Sokağın ortasında parçalanmış bir beden duruyordu. Etrafında kırmızı bir gölcük oluşmuştu. Üzerindeki giysilerin ne olduğu dahi anlaşılmıyordu. Sabahın ilk ışıklarında su taşıyan genç kadının çığlıkları kulağında çınlıyordu. Taşıdığı çanağı düzenli taşların arasında kırılmıştı. Katılaşmış kan, suyun tüm akışkanlığını canavarca emmeye başlamıştı. Görüntü... Kimine göre bir vahşetti, kimine göreyse...
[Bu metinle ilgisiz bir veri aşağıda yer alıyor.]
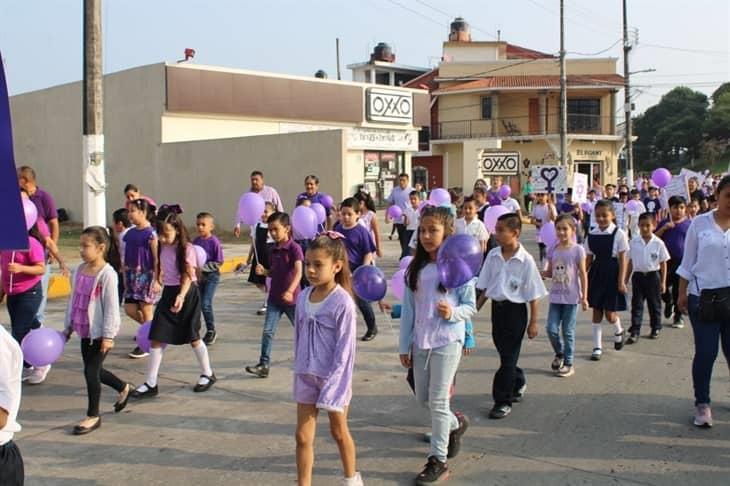 Primaria de Misantla realiza marcha; promueven respeto e igualdad de género 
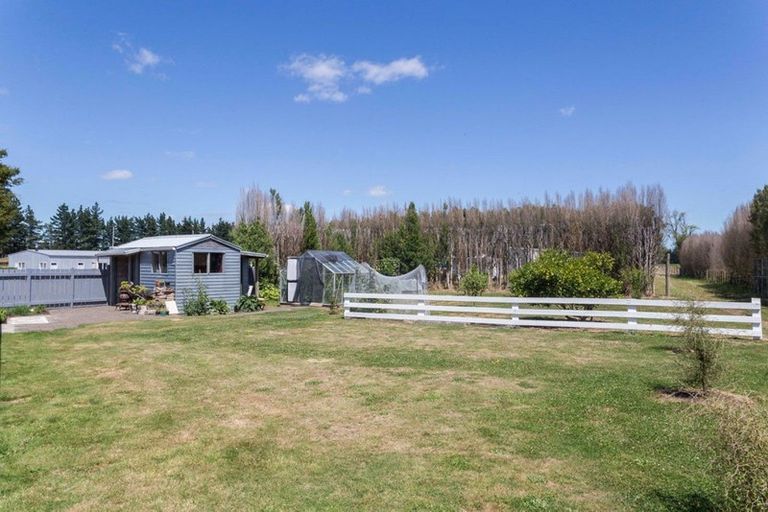 Photo of property in 47 Laws Road, Dannevirke, 4972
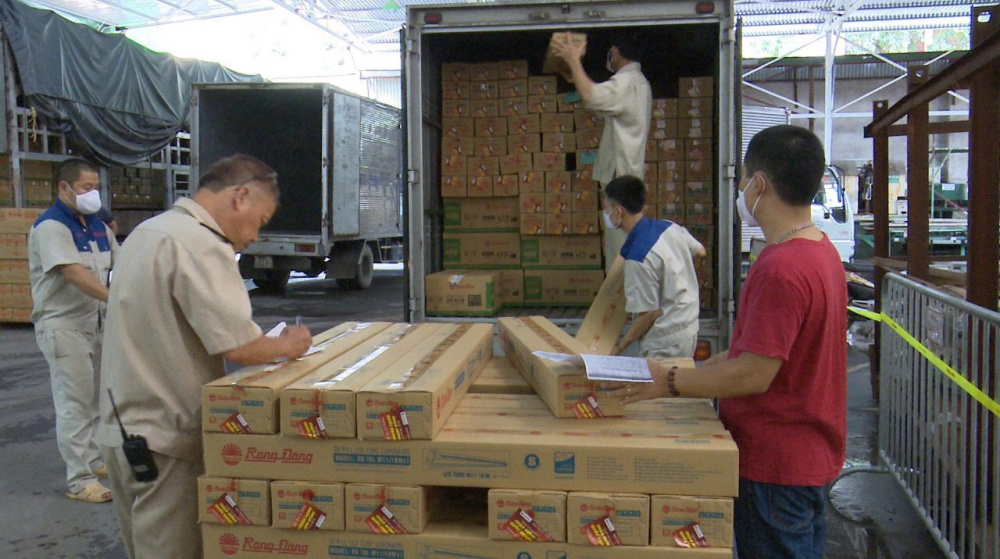 Đêm trắng người Rạng Đông chống "giặc lửa", xả thân cứu hàng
Daha öncesinde birilerinin ölmesi için bir nedene ihtiyaç duyardı. Artık sebep aramaya gerek yoktu. Sebep oydu, dişleri, içinde büyüyen ateş ve bedeninin tamamı! Artık nedenler yoktu, istekler ve dürtüler vardı. Hayvani düşüncelerinin ona ne kadar zevk verdiğini düşündü. Vücudunu örten giysiyi kaldırıp bedenine sevgiyle baktı.

O seçilmiş kişiydi, güzelliğin değiştirilemez hali. Ölümün zarif düşüncesi.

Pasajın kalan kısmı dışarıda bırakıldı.